#### Description of the task:
Only those lines running from the start of the listing below through the line that holds "Joseph Joseph Titan" are to be written out, exactly and in full.

──────────────────────────────

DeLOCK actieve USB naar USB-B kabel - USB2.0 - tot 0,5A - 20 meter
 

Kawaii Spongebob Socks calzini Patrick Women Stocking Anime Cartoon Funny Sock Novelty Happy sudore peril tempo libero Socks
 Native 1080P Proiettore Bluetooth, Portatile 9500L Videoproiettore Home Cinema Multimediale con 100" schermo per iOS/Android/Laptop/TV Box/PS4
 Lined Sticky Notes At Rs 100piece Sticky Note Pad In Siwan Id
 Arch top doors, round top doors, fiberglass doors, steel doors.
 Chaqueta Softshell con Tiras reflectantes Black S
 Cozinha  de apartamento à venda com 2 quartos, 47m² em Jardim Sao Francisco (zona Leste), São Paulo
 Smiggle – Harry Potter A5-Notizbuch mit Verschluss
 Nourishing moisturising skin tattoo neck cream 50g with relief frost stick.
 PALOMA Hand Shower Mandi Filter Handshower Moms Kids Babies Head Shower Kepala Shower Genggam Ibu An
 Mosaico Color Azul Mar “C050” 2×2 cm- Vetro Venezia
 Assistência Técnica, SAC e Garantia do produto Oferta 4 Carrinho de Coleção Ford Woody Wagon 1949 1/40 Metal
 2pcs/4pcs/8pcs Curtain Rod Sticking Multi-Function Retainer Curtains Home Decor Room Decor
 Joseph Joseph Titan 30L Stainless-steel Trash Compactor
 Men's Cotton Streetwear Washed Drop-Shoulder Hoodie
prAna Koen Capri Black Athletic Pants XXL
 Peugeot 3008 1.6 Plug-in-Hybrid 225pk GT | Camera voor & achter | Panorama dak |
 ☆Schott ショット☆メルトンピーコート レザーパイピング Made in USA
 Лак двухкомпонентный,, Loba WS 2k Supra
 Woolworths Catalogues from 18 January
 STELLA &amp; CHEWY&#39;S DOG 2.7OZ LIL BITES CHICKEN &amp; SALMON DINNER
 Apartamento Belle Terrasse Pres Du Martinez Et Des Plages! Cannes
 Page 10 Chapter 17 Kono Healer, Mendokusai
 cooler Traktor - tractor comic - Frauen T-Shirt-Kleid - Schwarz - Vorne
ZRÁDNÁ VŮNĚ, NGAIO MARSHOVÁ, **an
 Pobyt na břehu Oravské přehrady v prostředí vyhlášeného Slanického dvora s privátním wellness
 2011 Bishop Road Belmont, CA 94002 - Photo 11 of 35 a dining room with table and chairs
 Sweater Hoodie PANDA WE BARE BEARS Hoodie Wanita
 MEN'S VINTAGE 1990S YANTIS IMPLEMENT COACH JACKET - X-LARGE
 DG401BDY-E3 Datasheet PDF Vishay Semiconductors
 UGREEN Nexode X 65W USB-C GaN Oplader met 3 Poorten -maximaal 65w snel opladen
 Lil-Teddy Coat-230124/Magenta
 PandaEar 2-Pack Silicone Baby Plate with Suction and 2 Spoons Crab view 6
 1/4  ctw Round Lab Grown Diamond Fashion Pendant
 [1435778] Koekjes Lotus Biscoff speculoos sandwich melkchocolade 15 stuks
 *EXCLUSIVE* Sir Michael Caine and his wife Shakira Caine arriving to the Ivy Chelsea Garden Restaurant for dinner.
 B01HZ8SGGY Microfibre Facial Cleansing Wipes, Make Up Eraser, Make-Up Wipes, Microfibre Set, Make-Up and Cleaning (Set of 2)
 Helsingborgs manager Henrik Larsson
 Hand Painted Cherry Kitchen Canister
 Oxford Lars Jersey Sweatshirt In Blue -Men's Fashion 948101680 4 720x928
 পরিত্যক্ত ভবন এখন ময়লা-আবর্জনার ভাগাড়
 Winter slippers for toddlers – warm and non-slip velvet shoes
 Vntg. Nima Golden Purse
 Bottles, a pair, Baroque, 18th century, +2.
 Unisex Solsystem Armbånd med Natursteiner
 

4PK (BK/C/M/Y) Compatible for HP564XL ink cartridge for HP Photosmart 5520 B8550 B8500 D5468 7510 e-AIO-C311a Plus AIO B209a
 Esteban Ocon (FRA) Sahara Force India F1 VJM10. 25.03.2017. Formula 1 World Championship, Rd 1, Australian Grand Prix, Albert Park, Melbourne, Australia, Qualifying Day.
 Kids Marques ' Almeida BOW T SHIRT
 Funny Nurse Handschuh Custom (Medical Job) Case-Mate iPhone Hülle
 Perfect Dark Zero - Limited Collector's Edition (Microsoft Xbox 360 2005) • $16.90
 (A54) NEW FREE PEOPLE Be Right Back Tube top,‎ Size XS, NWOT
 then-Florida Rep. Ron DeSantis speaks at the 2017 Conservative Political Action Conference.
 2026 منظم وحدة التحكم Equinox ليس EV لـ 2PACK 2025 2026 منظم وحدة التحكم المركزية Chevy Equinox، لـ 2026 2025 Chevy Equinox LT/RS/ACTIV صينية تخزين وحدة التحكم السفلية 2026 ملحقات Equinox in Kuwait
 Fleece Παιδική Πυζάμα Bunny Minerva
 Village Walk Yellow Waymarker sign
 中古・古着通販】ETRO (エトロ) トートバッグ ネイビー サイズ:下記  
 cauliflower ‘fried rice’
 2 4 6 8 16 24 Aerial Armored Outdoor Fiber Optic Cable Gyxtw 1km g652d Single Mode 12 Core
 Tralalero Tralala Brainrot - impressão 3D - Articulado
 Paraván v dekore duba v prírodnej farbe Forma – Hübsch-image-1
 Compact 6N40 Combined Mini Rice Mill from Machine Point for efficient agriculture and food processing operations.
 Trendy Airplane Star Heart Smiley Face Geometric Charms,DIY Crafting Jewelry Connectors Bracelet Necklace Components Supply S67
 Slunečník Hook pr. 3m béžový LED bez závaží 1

──────────────────────────────

#### Response area:
DeLOCK actieve USB naar USB-B kabel - USB2.0 - tot 0,5A - 20 meter
 

Kawaii Spongebob Socks calzini Patrick Women Stocking Anime Cartoon Funny Sock Novelty Happy sudore peril tempo libero Socks
 Native 1080P Proiettore Bluetooth, Portatile 9500L Videoproiettore Home Cinema Multimediale con 100" schermo per iOS/Android/Laptop/TV Box/PS4
 Lined Sticky Notes At Rs 100piece Sticky Note Pad In Siwan Id
 Arch top doors, round top doors, fiberglass doors, steel doors.
 Chaqueta Softshell con Tiras reflectantes Black S
 Cozinha  de apartamento à venda com 2 quartos, 47m² em Jardim Sao Francisco (zona Leste), São Paulo
 Smiggle – Harry Potter A5-Notizbuch mit Verschluss
 Nourishing moisturising skin tattoo neck cream 50g with relief frost stick.
 PALOMA Hand Shower Mandi Filter Handshower Moms Kids Babies Head Shower Kepala Shower Genggam Ibu An
 Mosaico Color Azul Mar “C050” 2×2 cm- Vetro Venezia
 Assistência Técnica, SAC e Garantia do produto Oferta 4 Carrinho de Coleção Ford Woody Wagon 1949 1/40 Metal
 2pcs/4pcs/8pcs Curtain Rod Sticking Multi-Function Retainer Curtains Home Decor Room Decor
 Joseph Joseph Titan 30L Stainless-steel Trash Compactor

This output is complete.